Spirit by gwyneth jones Review and Opinion

 

 

 

Spirit, or the Princess of Bois Dormant
Gwyneth Jones
Gollancz paperback £12.99

review by Duncan Lawie

Spirit bristles with energy and anger, gradually smoothing into equanimity. A key message of the book is presented in the first few pages: \"Believe me, this is the greatest secret I know. Rule your own mind, and you may rule the world. Far more important, you will be happy, no matter what comes. And happiness is all that matters in the end\" (page 13). It takes the whole length of the book for these words of Lady Nef to fully filter through to Bibi, although their transformative effect immediately begins.

Gwibiwr, Bibi, is ten years old, the lone survivor of a massacre, cast into a world that we learn about as she does. Those readers who remember Gwyneth Jones' Aleutian trilogy will have some advantages here. The Aleutians discovered Earth, now more generally called 'Blue'. However, it was a human, Buonarotti, who discovered the instant transit device named for her, and which has lead to the discovery of further worlds, of other \"numinal bipeds.\" Why these species should have such similarities is a matter of speculation. \"Strong Theory says we're all descended from an ancient Blue hominid spacefaring species that vanished without trace ... Weak says all numinal bipeds are alike due to convergent evolution\" (page 122). These competing theories first appear as a leitmotif, a nice piece of hand waving, adding depth to the background.

Later, as Bibi travels 26,000 light years by Buonarotti, there is the suggestion that the aliens they reach are, somehow, the descendants of third millennium humanity. This boggling thought is tied to the conceptions of the Buonarotti device itself. Space travel is a conscious act. The Aleutians have conscious ships, for others, a spaceship is defined only by a group travelling together in the same Buonarotti transfer. This reality is pushed away, submerged beneath the systems which scan and prepare passengers and the codes and keypads for destinations, the choice of travelling unconscious. Even so, \"the active complement on a 'starship' is never less than eight persons\" (page 457), who join together in a kind of dream time where small tasks - building a house of cards, stripping down a machine - take on the importance, are an analogue, for space navigation. Or so the dreamers/ travellers believe. \"When one is in transit ... [o]ne seems to recover fond memories from the narratives of other transits: the details that are lost, and rightly so, as a dream is lost in waking\" (page 459).

This sense of a dream affects the whole novel. \"But since dreams are all different, and each one is diversified, what is seen in them affects us much less that what we see when we wake, because of its continuity\" (page 263). - This quote from Pascal provides the other key message of the book, allied with the idea of 'poetic time', where years are lost, un-thought of even as they pass, mere moments rescued from the abyss.

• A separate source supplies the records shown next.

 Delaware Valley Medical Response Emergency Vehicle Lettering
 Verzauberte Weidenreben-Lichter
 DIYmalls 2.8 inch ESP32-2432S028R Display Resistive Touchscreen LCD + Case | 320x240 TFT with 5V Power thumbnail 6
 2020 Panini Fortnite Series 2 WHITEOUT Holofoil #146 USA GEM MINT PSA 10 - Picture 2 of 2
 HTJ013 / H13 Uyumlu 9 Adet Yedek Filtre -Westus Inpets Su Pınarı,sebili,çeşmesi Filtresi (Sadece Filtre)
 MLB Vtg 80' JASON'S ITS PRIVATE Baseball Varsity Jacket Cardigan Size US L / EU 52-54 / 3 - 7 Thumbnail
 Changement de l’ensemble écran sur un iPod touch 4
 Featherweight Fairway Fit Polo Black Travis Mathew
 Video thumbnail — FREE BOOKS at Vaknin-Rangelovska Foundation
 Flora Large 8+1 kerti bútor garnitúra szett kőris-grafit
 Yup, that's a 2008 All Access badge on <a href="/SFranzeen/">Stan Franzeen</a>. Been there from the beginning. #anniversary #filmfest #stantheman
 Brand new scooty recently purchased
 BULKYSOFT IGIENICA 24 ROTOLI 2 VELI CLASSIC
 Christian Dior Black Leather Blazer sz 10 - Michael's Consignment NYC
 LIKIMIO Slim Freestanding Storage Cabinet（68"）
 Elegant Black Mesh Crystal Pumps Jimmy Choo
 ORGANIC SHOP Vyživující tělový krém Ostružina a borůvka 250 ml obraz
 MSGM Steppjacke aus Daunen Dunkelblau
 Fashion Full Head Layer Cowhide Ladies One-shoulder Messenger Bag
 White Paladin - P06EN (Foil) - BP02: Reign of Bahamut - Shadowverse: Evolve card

The novel opens with the clear, light prose of Bibi's youth, the voice a memoir of happy childhood, despite fears and loneliness. The strength of Bibi's character, of her confidence in the rightness of her beliefs aligns with her mentors' confidence in her. Unfortunately, her strength of will drives her, and her friends, into the edges of a collapsing plot and Lady Nef's protection results in her being assigned to their diplomatic mission to Sigurt's World, a face-saving escape for the seniors. This is an adventure, with hair-raising turns and narrow escapes, but the story gradually darkens to fatalism and depression. The seniors think they have moved themselves out of play, but the mission is caught up in the politics of the planet, and Bibi is at the core of this. The setting is increasingly medieval and all the characters know it, but their recognition of their plot doesn't save them. Bibi is a fully fertile human female, a rarity in this setting, and a virgin. The King and Prince of the Sigurtian society they are imprisoned amongst are believers in the Strong Theory, confident that she can be the mother of an heir, a blending of species. The leitmotif of species origin grows to a crashing chord and nightmare descends in the dark winter of the royal residence known as Black Wing.

Eventually released, Bibi is sent to a prison moon for her supposed part in the plot back on Earth. Here we see Bibi at her lowest ebb, and her gradual recovery of sanity when she finds Lady Nef imprisoned too. Lady Nef takes on the further education of her servant in their spartan cell, in a section reminiscent of the business of Buonarotti travel. There is a sense here that the older woman is recreating herself in the younger's mind, that the Bibi we knew has been shattered and is now re-forged in her mentor's image, a feeling reinforced by the change in the shape of the narrative after this episode.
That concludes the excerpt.